| ASSIGNMENT |
Please, in the data that follows, copy exactly the lines from the line with "Paris-Biarritz pony-style calfskin tote" through the last one, both included. Do not include pictures.

| SUPPLIED DATA |
*** Block opens ***

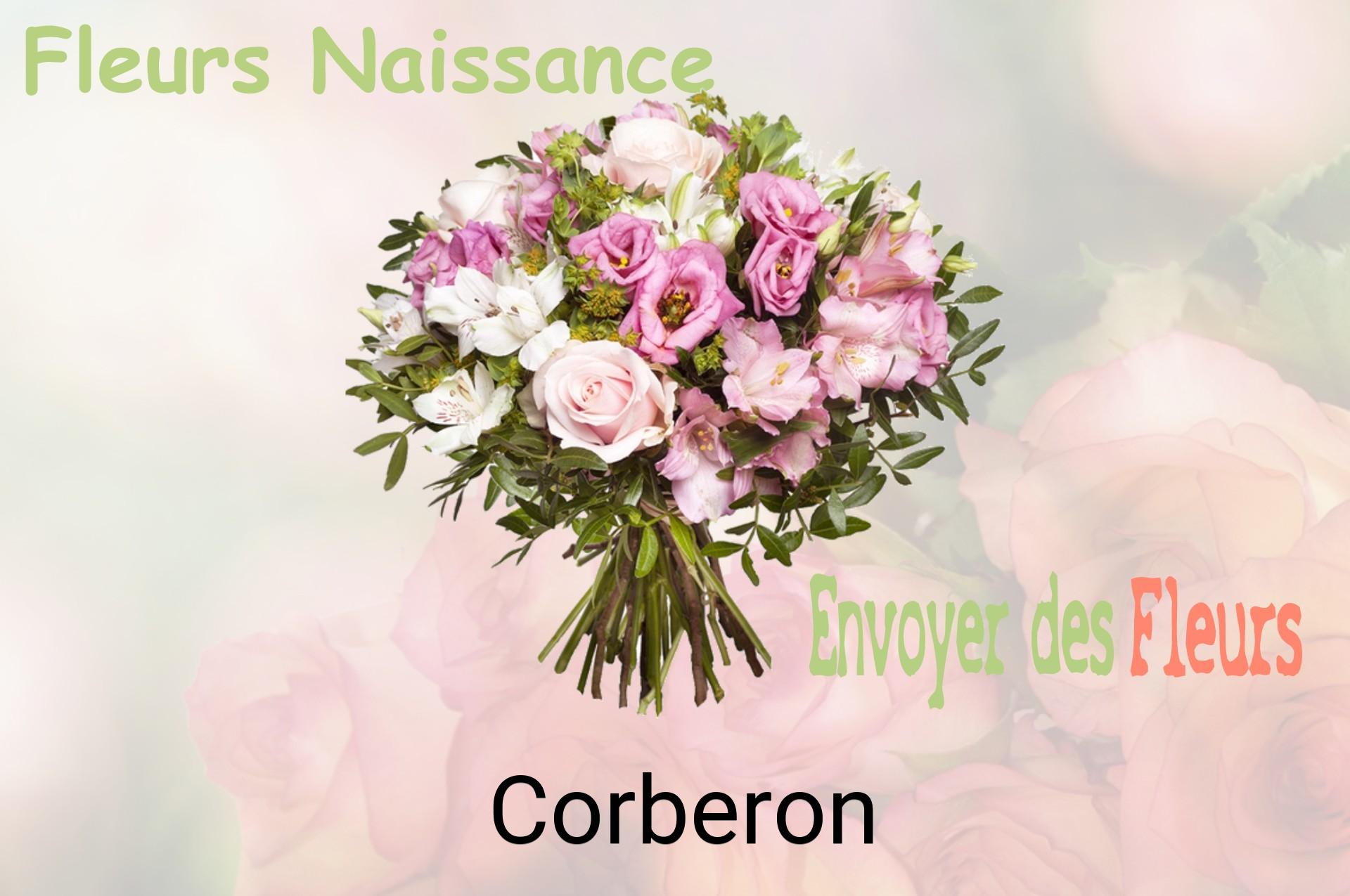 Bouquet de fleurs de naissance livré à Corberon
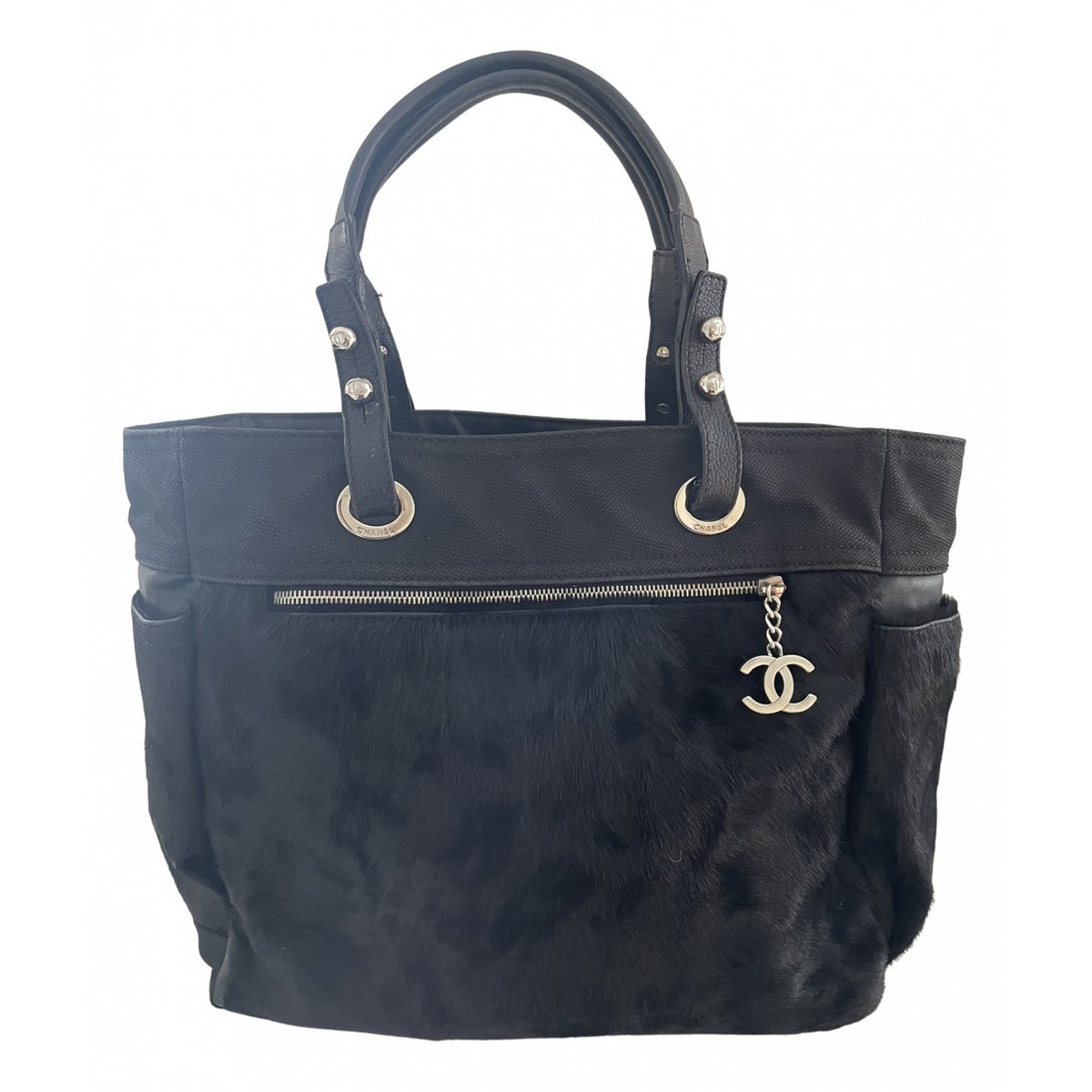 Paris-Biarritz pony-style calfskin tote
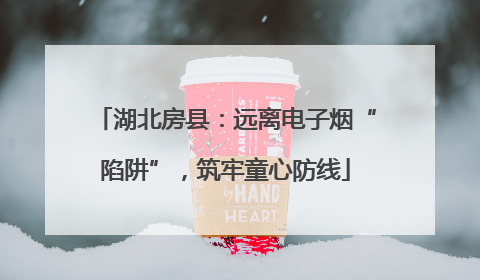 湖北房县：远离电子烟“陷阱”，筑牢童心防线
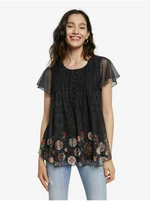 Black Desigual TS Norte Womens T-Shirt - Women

*** Block closes ***

| REPLY TO THE TASK |
 Paris-Biarritz pony-style calfskin tote
 湖北房县：远离电子烟“陷阱”，筑牢童心防线
 Black Desigual TS Norte Womens T-Shirt - Women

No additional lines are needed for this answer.